I want my Perl code to go through each of the combinations of letters in #diplo starting with a,a,b,a and record the frequency associated with the row of the haplo array containing each number from 0-14, e.g. first recording the frequency associated with "|0,a,a,b,a|" then "|1,a,a,b,a|" etc.
The output would hopefully look like this:
0 #this is the number in the #diplo file and they increase in order from 0 up to 15
0.011 0.0023 0.003 0.0532 0.163 0.3421 0.128 0.0972 0.0869 0.05514 0.0219 0.0172 0.00824 0.00886 0.00196 #these are the frequencies associated with x,a,a,b,a where x is any number from 0 to 14.
My code:
And here is the Perl code I created to hopefully sort this out (there is more to create the arrays and such which I can post if required, but I didn't want to post a load of code if it isn't necessary):
my $irow = 1; #this is the row/element number in #diplo
my $lrow = 0; #this is the row/element in $lookup{'haplo'}
my $copynumber = 0;
#print "$copynumber, $diplo[2]";
while ($irow < $diplolines - 1) {
while ($copynumber < 15) {
while ($lrow < $uplines - 1) {
if ("|$copynumber,$diplo[$irow]|" = $lookup{'haplo'}[$lrow]) { ##this is the only line that causes errors
if ($copynumber == 0) {
print "$diplo[$irow-1]\n";
#print "$lookup{'frequency'}[$lrow]\t";
}
print "$lookup{'frequency'}[$lrow]\t";
}
$lrow = $lrow + 1;
}
$lrow = 0;
$copynumber = $copynumber + 1;
}
$lrow = 0;
$copynumber = 0;
$irow = $irow + 1;
}
However, the line if ("|$copynumber,$diplo[$irow]|" = $lookup{'haplo'}[$lrow]) is causing an error Can't modify string in scalar assignment near "]) ".

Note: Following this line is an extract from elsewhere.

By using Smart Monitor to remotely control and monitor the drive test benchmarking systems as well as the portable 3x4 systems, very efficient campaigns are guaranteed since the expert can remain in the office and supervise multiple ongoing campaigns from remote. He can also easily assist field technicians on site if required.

I have tried adding in speech marks, rounded brackets and apostrophes around various elements in this line but I still get some sort of variant on this error. I'm not sure how to get around this error.
Apologies for the long question, any help would be appreciated.

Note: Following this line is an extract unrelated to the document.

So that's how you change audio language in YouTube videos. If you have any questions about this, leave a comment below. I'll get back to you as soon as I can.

EDIT: Thanks for the suggestions regarding eq, it gets rid of the error and I now know a bit more about Perl than I did. However, even though I don't get an error now, if I put anything inside the if loop for this line, e.g. printing a number, it doesn't get executed. If I put the same command within the while loop but outside of the if, it does get executed. I have strict and warnings on. Any ideas?

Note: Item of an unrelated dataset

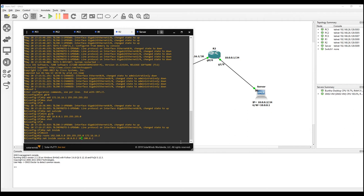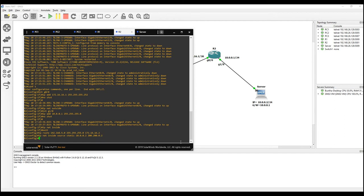I want to translate the server to 200.200.0.2 - translating from 10 to 200. I will use static NAT because this is a one-to-one IP mapping, which is called static NAT. So the command is 'ip nat inside source static 10.0.0.2 200.200.0.2'. Router 2 configuration is now done.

= is assignment, == is numerical comparison, eq is string comparison.
You can't modify a string:
$ perl -e 'use strict; use warnings; my $foo="def";
if ("abc$foo" = "abcdef") { print "match\n"; } '
Found = in conditional, should be == at -e line 1.
Can't modify string in scalar assignment at -e line 1, near ""abcdef") "
Execution of -e aborted due to compilation errors.
Nonnumerical strings act like zeroes in a numerical comparison:
$ perl -e 'use strict; use warnings; my $foo="def";
if ("abc$foo" == 0) { print "match\n"; } '
Argument "abcdef" isn't numeric in numeric eq (==) at -e line 1.
match
A string comparison is probably what you want:
$ perl -e 'use strict; use warnings; my $foo="def";
if ("abc$foo" eq "abcdef") { print "match\n"; } '
match
This is the problematic expression:
"|$copynumber,$diplo[$irow]|" = $lookup{'haplo'}[$lrow]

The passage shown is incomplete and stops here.